Thursday, August 27, 2009

Inglourious Basterds (Gilgamesh, 1793)

I'll start with the rating so you don't have to read this if you don't want to.

Yoggoth rating*: ***
Little Earl Rating: **1/2
herr zrbo rating: **

That's right, I reviewed it for the other guys too.

Inglourious Basterds is a collection of Quinten Tarantino's fantasy World War II movie scenes and characters. It's organized into six chapters and isn't long on dextrous segues. I don't know what your opinion of Tarantino is, but mine's pretty damn high. Best living director? When a few more old guys drop off, quite likely.

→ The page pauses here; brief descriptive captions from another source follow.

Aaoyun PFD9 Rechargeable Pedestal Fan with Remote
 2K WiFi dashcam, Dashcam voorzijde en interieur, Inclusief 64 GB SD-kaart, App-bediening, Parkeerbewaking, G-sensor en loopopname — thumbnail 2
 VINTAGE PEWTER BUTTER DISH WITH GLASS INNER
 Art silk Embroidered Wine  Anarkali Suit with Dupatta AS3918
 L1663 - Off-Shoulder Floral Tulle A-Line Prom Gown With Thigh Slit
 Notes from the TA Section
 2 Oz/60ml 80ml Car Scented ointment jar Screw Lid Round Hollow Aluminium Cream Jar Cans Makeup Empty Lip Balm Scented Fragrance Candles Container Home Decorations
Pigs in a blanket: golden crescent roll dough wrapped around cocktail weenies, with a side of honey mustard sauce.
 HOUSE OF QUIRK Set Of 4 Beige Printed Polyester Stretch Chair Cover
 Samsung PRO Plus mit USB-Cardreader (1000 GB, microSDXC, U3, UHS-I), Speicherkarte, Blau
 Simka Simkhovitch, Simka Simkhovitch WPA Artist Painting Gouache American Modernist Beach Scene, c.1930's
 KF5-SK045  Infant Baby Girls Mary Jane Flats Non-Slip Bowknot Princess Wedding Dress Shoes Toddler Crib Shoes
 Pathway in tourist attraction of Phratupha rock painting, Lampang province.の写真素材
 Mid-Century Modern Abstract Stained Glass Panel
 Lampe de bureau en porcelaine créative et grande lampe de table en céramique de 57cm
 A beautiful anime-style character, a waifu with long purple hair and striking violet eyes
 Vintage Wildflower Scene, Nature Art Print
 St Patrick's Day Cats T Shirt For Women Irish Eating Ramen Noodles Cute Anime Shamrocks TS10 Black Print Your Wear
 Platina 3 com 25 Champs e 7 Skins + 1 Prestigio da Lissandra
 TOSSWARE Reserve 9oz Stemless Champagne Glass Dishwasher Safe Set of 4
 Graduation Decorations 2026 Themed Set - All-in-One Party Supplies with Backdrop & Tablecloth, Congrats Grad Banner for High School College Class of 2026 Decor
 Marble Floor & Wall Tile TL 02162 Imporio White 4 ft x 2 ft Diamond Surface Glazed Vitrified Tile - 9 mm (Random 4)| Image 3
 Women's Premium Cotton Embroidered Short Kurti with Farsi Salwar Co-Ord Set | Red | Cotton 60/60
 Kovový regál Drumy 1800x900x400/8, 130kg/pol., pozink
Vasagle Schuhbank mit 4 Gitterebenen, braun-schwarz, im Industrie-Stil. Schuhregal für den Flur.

I was reading David Foster Wallace's article about David Lynch in A Supposedly Fun Thing I'll Never Do Again the other day. He said something like, David Lynch did this and it's sufficiently entered the zietgeist that Tarantino et posse can rip it off. Look Wallace, I know you're dead and that's too bad but maybe if you spent more time watching Pulp Fiction and less time watching Eraserhead you might not have hung yourself.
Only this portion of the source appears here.